Scientific classification
- Kingdom: Animalia
- Phylum: Arthropoda
- Clade: Pancrustacea
- Class: Insecta
- Order: Hemiptera
- Suborder: Auchenorrhyncha
- Family: Cicadidae
- Genus: Yoyetta
- Species: Y. abdominalis
- Binomial name: Yoyetta abdominalis (Distant, 1892)
- Synonyms: Melampsalta abdominalis (Distant, 1892); Cicadetta abdominalis (Distant, 1892);

= Yoyetta abdominalis =

- Authority: (Distant, 1892)
- Synonyms: Melampsalta abdominalis , Cicadetta abdominalis

Species of cicada

Yoyetta abdominalis, also known as the golden-haired firetail, is a species of cicada, in the true cicada family, Cicadettinae. It is endemic to Australia.

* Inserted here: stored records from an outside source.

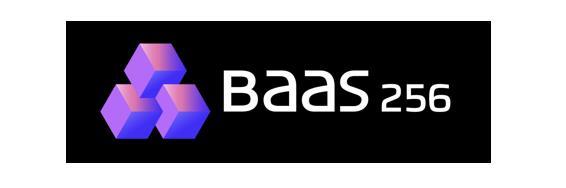 BAAS 256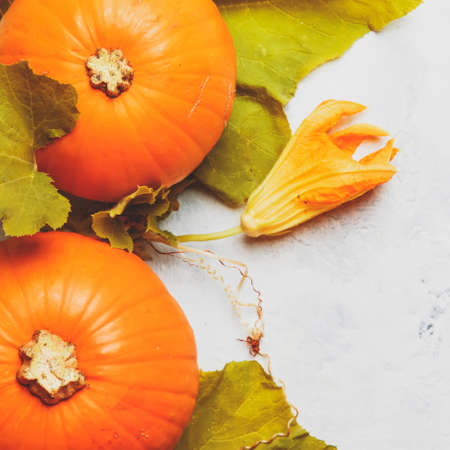 Autumn background with pumpkins and leaves, gray table, top view, space for textの写真素材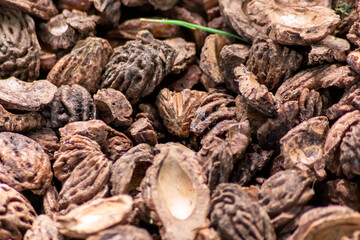 Organic background with shredded peach seeds as organic mulching and sustainable pathway  in organic gardening scenery as dry fertilizer in agricultural ecosystems and scattered wood chips close-up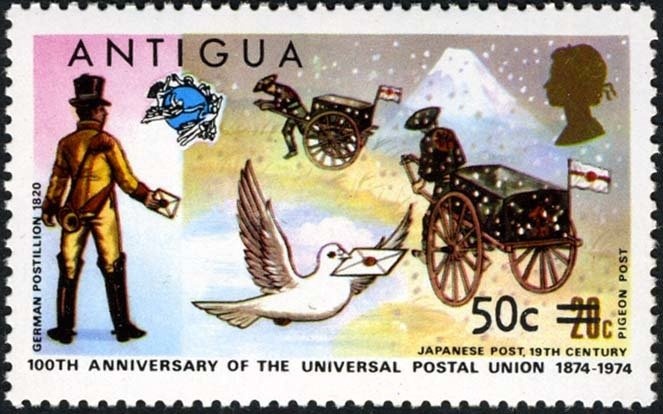 Cassia (Cassia fistula)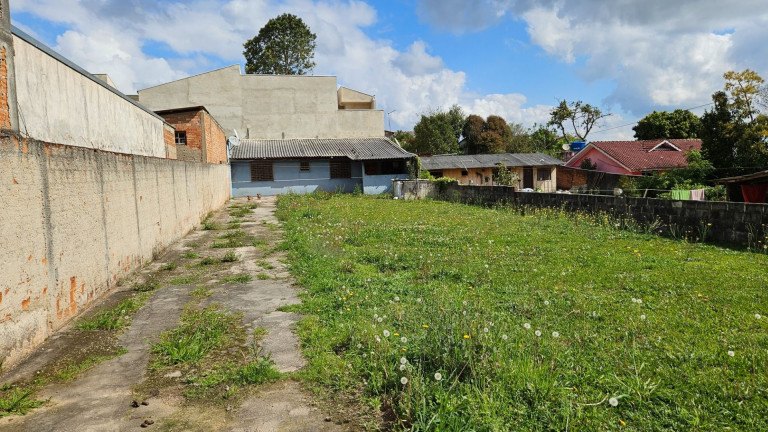 Terreno à Venda,  em Costeira - Araucaria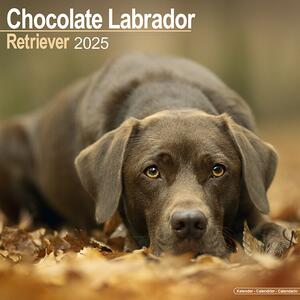 Kalender 2025 Labrador Retriever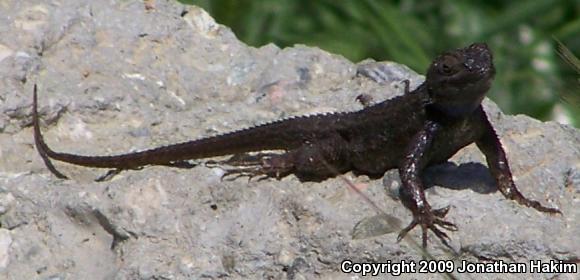 Great Basin Fence Lizard (Sceloporus occidentalis longipes)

It was first described in 1892 by English entomologist William Lucas Distant.

==Description==
The length of the forewing is 22–29 mm.

==Distribution and habitat==
The species occurs from the Brindabella Range in the Australian Capital Territory southwards and westwards through much of Victoria to south-eastern South Australia, with an isolated population near Orange in central New South Wales. It also occurs in eastern Tasmania. Associated habitats include cool temperate eucalypt forest and subalpine woodland.

==Behaviour==
Adult males may be heard from November to January, clinging to the upper branches of trees, emitting brief calls terminating in a sharp “tick”.